AI-sandbox/gnomix

Not Non-negative probabilities when training the model from scratch

jikhashkya opened this issue · 2 comments

Hi, I was trying to follow the demo and train the model from scratch for 1000G data ( after subsetting 1000 samples) and I get the following error:

Launching in training mode...
Reading vcf file...
Getting genetic map info...
Getting sample map info...
Building founders...
Splitting sample map...
Running Simulation...
Traceback (most recent call last):
  File "gnomix.py", line 392, in <module>
    simulate_splits(base_args, config, data_path) # will create the simulation_output folder
  File "gnomix.py", line 298, in simulate_splits
    return_out=False)
  File "/data/pshakya/COLORPBWT/gnomix/src/laidataset.py", line 410, in simulate
    maternal = admix(founders,founders_weight,gens[i],self.breakpoint_prob,self.num_snps,self.morgans)
  File "/data/pshakya/COLORPBWT/gnomix/src/laidataset.py", line 159, in admix
    p=breakpoint_probability)
  File "mtrand.pyx", line 931, in numpy.random.mtrand.RandomState.choice
ValueError: probabilities are not non-negative

Any ideas on how to fix this ?

hi @jikhashkya, I ran into this same issue. What was causing it for me was when I used liftover to get my genetic map from hg37 to hg38, I introduced instances where position in cM was not increasing monotonically when I sorted my map by physical position. I removed these sections from my genetic map file and was able to successfully train my model.

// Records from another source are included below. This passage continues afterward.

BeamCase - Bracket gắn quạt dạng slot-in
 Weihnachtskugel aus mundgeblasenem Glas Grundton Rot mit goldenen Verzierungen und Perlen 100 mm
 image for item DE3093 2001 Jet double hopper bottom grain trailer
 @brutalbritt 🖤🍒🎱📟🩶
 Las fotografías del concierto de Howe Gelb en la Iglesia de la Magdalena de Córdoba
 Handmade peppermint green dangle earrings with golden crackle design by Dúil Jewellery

I believe this section triggers this error when you try and use a genetic map like mine; gnomix gets "interpolated values of all reference snp positions", and then calculates the distance between pairs of SNPs. Because of the structure in my map file, I had "negative" distances here, triggering the "probabilities are not non-negative" error.

Hi @broomej . Thank you for your input on this matter. I haven't had a chance to dig deeper into this issue but interestingly, when I used the same genetic map for 500 samples, it seemed to work fine but it throws an error for 1000 samples. Will definitely look more into this but appreciate your input.